As a firm, in 2021 we formalized our Diversity, Equity and Inclusion strategy. Examples of work included in the strategy are in-depth education sessions around all aspects of DEI, review of/adjustments to our 2020 compensation study and an inclusion employee work survey – which will be followed by a working group of employees to determine solutions for key issues that arise.
You can expect in 2022, we will be assessing the effectiveness of our DEI strategy. We want to measure how we performed this past year and make adjustments to the strategy or goals so that our sights are on constant improvement.
Our efforts include more partnerships with organizations focused on advocating for DEI like Girls Who Invest.
In fact, in 2021 we proudly formed a new partnership with the United Negro College Fund (UNCF) and their Lighted Pathways program.
Over the summer of 2022, we are planning to host interns from Girls Who Invest, the Margarita Muniz Academy and UNCF. These efforts are helping to diversify the pipeline in finance.
At Breckinridge, we prioritize transparency.
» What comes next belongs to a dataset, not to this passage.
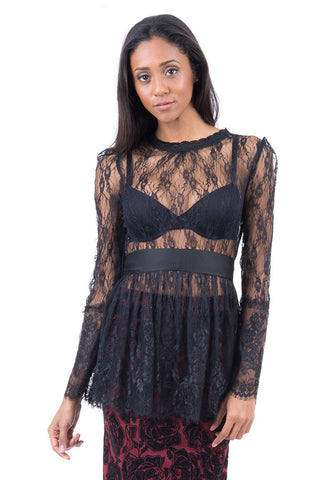 Frill Lace Tunic-Blue-UK 12 - EU 40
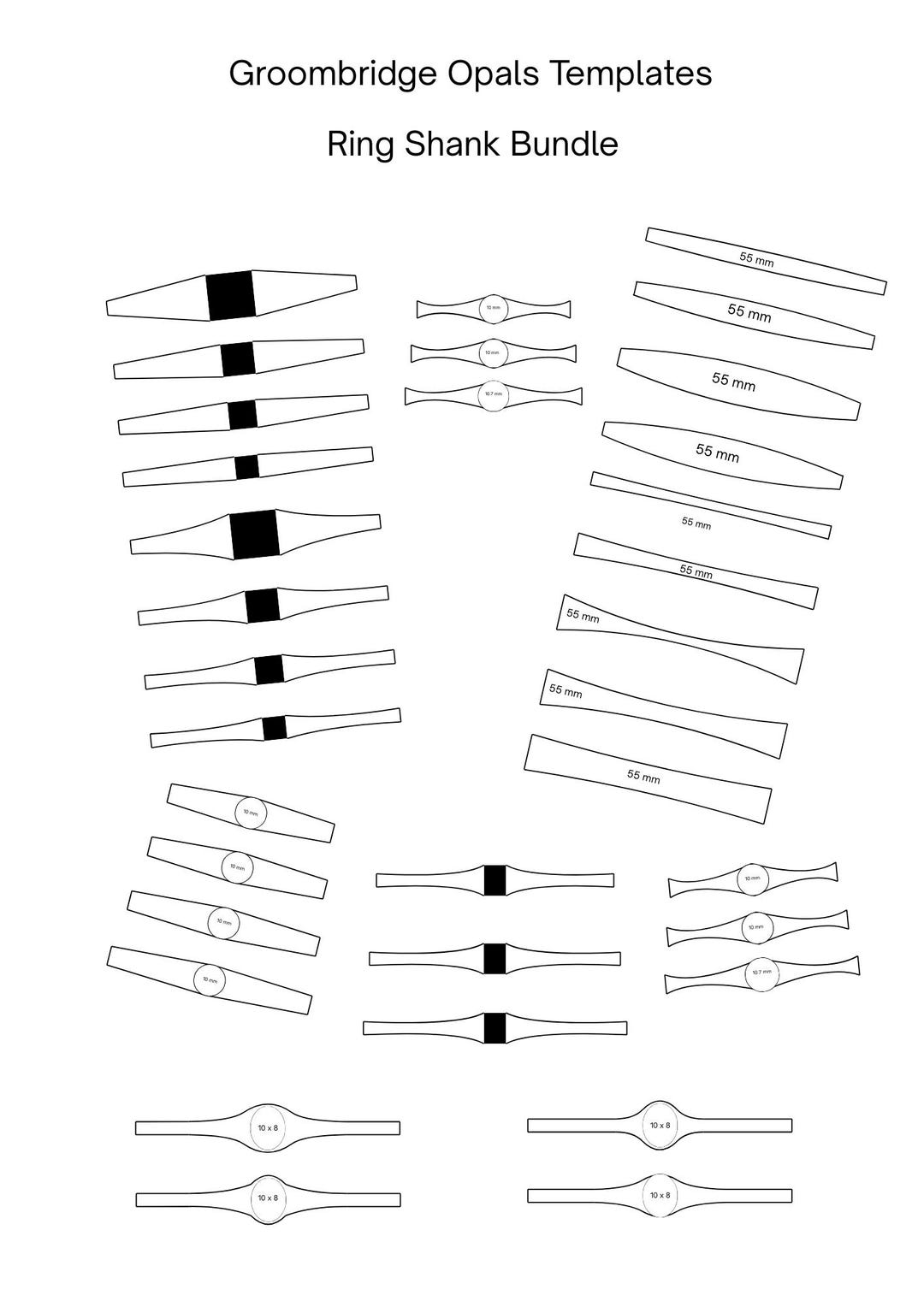 Ring Shank Template Bundle – Tapered, Round, Square, Oval & Rectangle ...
Similar to our competitors and others in the industry, we understand we still have work to do. I believe if we all move—some small steps, some big steps—in the right direction with respect to DEI, we will reflect back in years to come and see that we made a difference in a way that will make future generations proud.
If you could make one change that would have a great impact on the Earth right now, what would it be and why?
I believe the greatest threat that we face right now to the future of our planet is climate change. If I could make one change that would have great impact, it would be to advance the global framework established in the Paris Agreement to curb climate change by limiting global warming to well below 2 degrees Celsius.
Again, we must rely on our leaders to have the courage and strength to take the big steps necessary to achieve this goal. Still, each of us can take small but meaningful steps in our personal lives that over time will move this effort forward.
My family and I are making changes to reduce the role of fossil fuels in our lives. Breckinridge’s sustainability committee undertakes initiatives each year to reduce our carbon footprint. Many in the investment industry—through the UN Principles of Responsible Investment launched in 2005—are also making efforts.
Each of us can do more to advocate for the commitment to change at the highest level that will make the goal of managing climate risk more attainable.
Disclaimers: This article contains the opinion and views of Breckinridge Capital Advisors, Inc. They are current as of November 16, 2021 and are subject to change. Any forward-looking statements are based on Breckinridge’s assumptions. There is no guarantee that such projections will occur. Breckinridge believes that the assessment of ESG risk can improve credit assessments. However, there is no guarantee that integrating ESG analysis will improve risk-adjusted returns, reduce volatility over any specific time period, or outperform the broader markets or other strategies that do not utilize ESG criteria when selecting investments.